- **ENTRIES SUPPLIED**
..............................
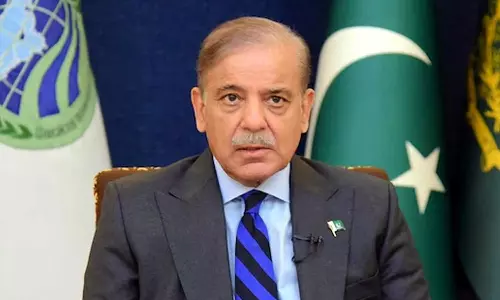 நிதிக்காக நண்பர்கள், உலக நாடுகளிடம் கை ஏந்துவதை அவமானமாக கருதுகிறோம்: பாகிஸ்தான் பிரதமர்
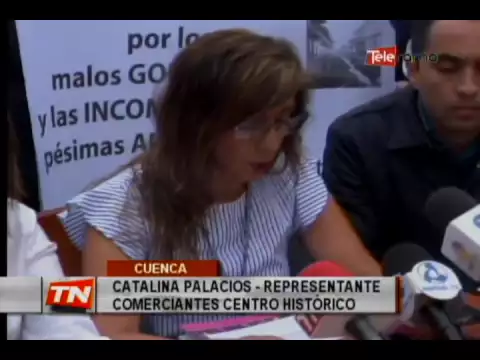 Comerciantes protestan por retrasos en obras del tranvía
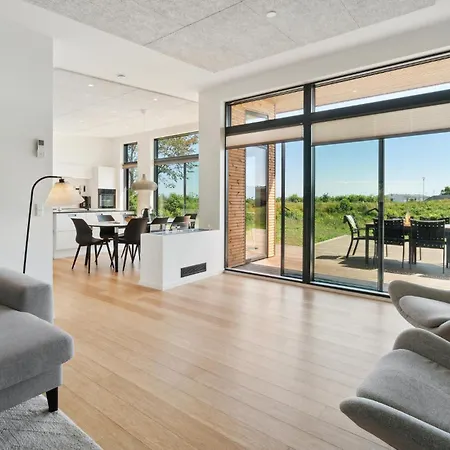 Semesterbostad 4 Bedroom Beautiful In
..............................
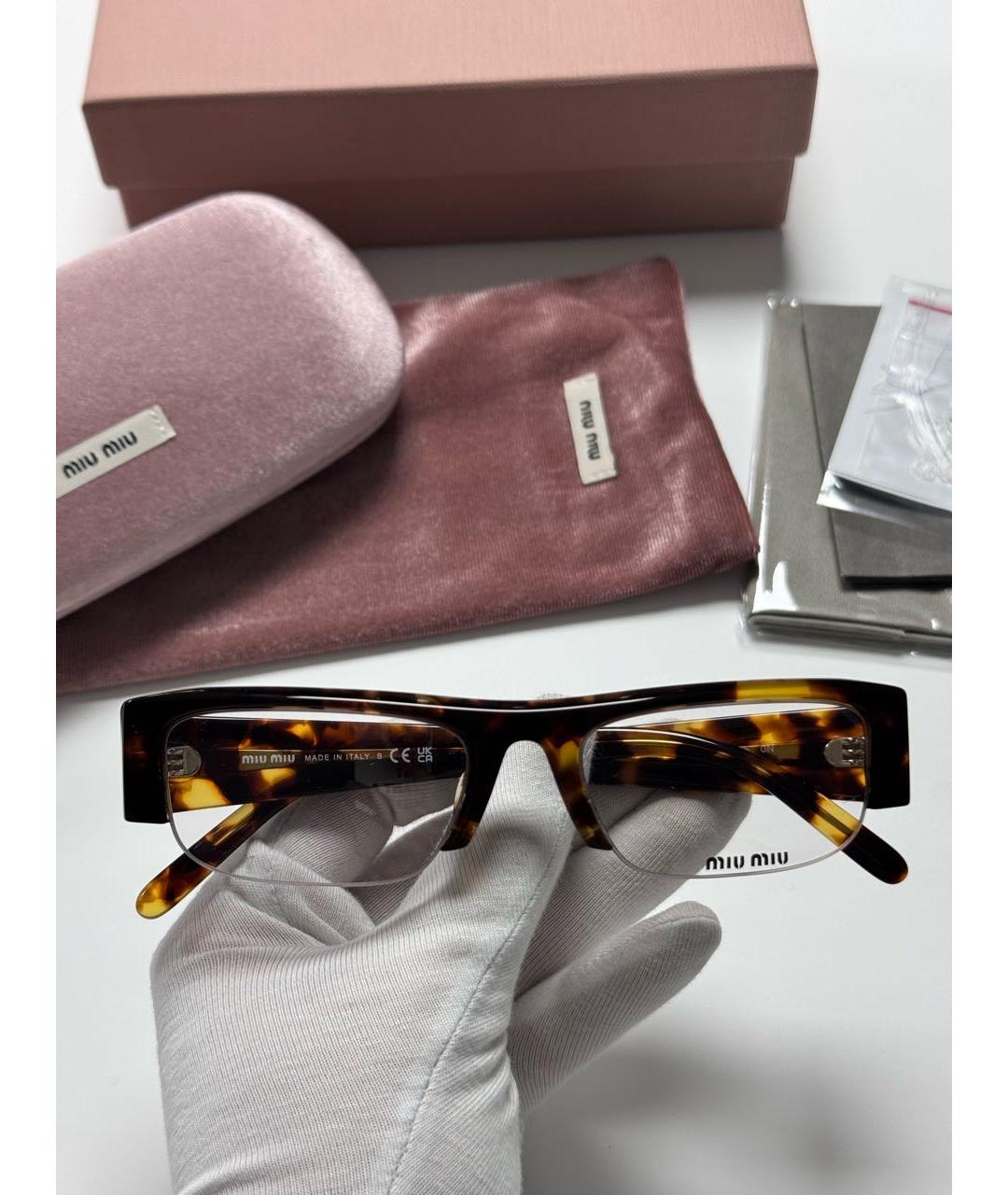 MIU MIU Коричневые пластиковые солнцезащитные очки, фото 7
..............................
- **WHAT YOU NEED TO DO**
The reply should hold the entries above from the line with "நிதிக்காக நண்பர்கள், உலக" to the line with "Semesterbostad 4 Bedroom Beautiful In", duplicated exactly, pictures excluded.

- **ANSWER FOR THIS EXERCISE**
 நிதிக்காக நண்பர்கள், உலக நாடுகளிடம் கை ஏந்துவதை அவமானமாக கருதுகிறோம்: பாகிஸ்தான் பிரதமர்
 Comerciantes protestan por retrasos en obras del tranvía
 Semesterbostad 4 Bedroom Beautiful In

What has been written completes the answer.